Cheer up Patriot fans, as there's an exciting brand of football played on the weekends that doesn't involve the words "Injured Reserve," "Spygate" or "Matt Cassell." Hundreds of thousands of people enjoy it every Saturday, and there's even a local team for you to root for. Wait...they suck after losing their star quarterback too? Laaaaame. Still, might as well still enjoy this week's Route 1 College Football Awards:
Kelly's Roast Beef Real Fucking Deal award – This week's Kelly's Roast Beef with Sauce and Tomatoes Real Fucking Deal Award goes to East Carolina. I know, I know, "East Carolina" isn't even a state! Even still, they mass-murdered Virginia Tech (too soon?) last week, and gave the residents of West Virginia reasons to burn their couches this week. Before last Saturday, it had been six years since a Conference USA team beat a ranked BCS team. Now the Purple Helmeted Pirates have done it two weeks in a row. This week's win was especially impressive, as they held the West Virginia offense and Pat White's tranny cheekbones to only 251 yards of total offense. You'd think that White would have experience with purple helmets flying at his face.
Weylu's Epic Fail award – Now, the obvious winner of this award should be West Fucking Virginia, what with their loss to a state that isn't even a state. However, this week's winner of the Weylu's Epic Fail Award goes to...Army? Now, before you get your red-white-and-blue Toby Keith panties in a bunch, know that Army lost to the manure-soaked fighting stoners of New Hampshire. And not even the Ricky Santos/David Ball vintage Wildcats either, but rather a UNH team that probably has half its players leaving practice early to make the afternoon shift at Dollar Bill's Discount World in Derry. America's finest, those men who are defending our country day and night, can't even beat a I-AA squad made of up fat kids from Dixville Notch and the sons of Hells Angels from Laconia? I fear for the safety of our country. One can only imagine how obnoxious Al Kaprelian will be giving the weather report tonight.

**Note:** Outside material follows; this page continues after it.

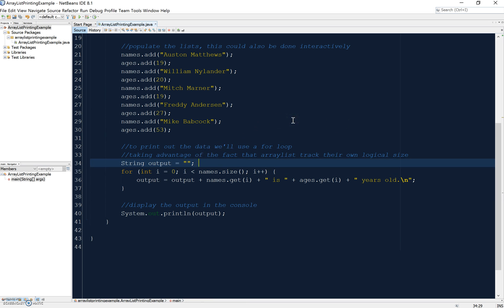I'm declaring a string to build the output in, and I've just initialized it to an empty string so that I can add things to it. I'm moving from 0 to less than the size, so I'm gonna go from 0 to 4.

Karl’s Sausage Kitchen Frightening Award – Missouri is this week's team that instills me with the fear that only mafia-owned sausage kitchens can bring. While I know they only played Southeast Missouri State this week, quarterback Chase Daniel completed 16 of his 17 passes, and the Tigers were up by 42 without even breaking a sweat. Oregon is also a winner of this week's Sausage Kitchen award after having scored 110 points in two games, despite being dressed like retarded crossing guards.
Kowloon Good Ol' Fashioned Fun Award – Any of you who saw the end of Saturday's Washington/BYU game saw a treat worthy of Eddie Andleman's MSG-soaked arteries. Washington quarterback Jake Locker marched the Huskies on an 18-play game-ending drive, scrambling to freedom on multiple fourth downs to keep his team alive. Locker finally reached Touchdownville with two seconds left to bring the score to 28-27 BYU, pending only the extra point. In his northwestern glee, Locker then threw the ball up in the air, earning a bullshit 15-yard unsportsmanlike conduct penalty. The 35-yard extra point was then, of course, blocked, and BYU fans were left happier than the birth of their eighth child.

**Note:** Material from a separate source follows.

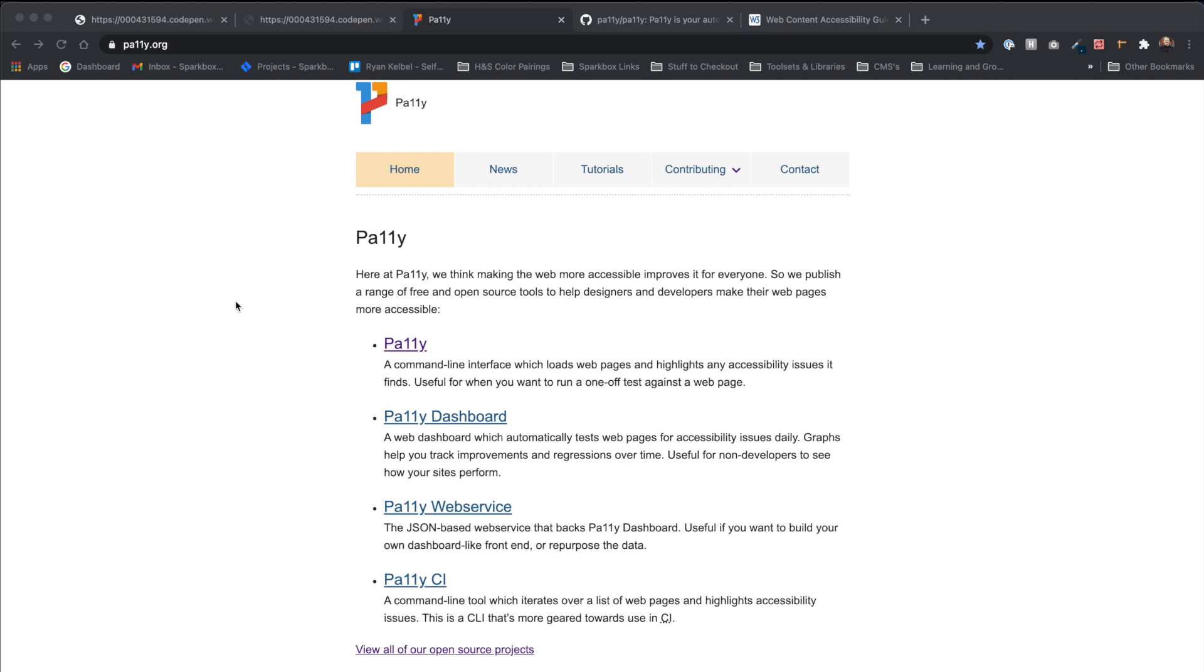Pally is free, open source, well documented, well maintained, and doesn't require a user account to use it. The absence of a user account means it doesn't collect any user information.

Whole Foods “What the fuck are they doing here” Award – In an otherwise upset-free week, East Carolina is the obvious winner of this award. I've also been told that the health food store on Route 1 is not Whole Foods, but rather something called "Wild Oats." Whatever, fuck you hippies. Given that I shower regularly, eat meat, don't smell like patchouli oil and high-five baby seal clubbers for a job well done, I clearly don't know the difference.
DB's Golden Banana Stabbed Hooker Award - The stabbed hooker award for injury goes to UFC fighter Chuck Liddell. Okay, he's not exactly a college football player, but he was knocked absolutely fucking cold on Saturday night by Rashad Evans, commencing in this impromptu mid-ring naptime:
Frank Giuffrida Exalted Human Being Award – Illinois' Juice Williams ran for 174 week after throwing for 451. One may even call him as much of a double threat as Frankie Giuiffrida himself, who ran a restaurant AND a butcher shop in his glorious years on this earth. Speaking of dual threats, America's Greatest Human Tim Tebow threw for 256 yards and ran for 55, despite the Gator offensive line forgetting how to block anything. To celebrate their giant efforts, both Tebow and Williams will receive the giant 22 oz. Porterhouse steak, served in the spacious Carson City dining room.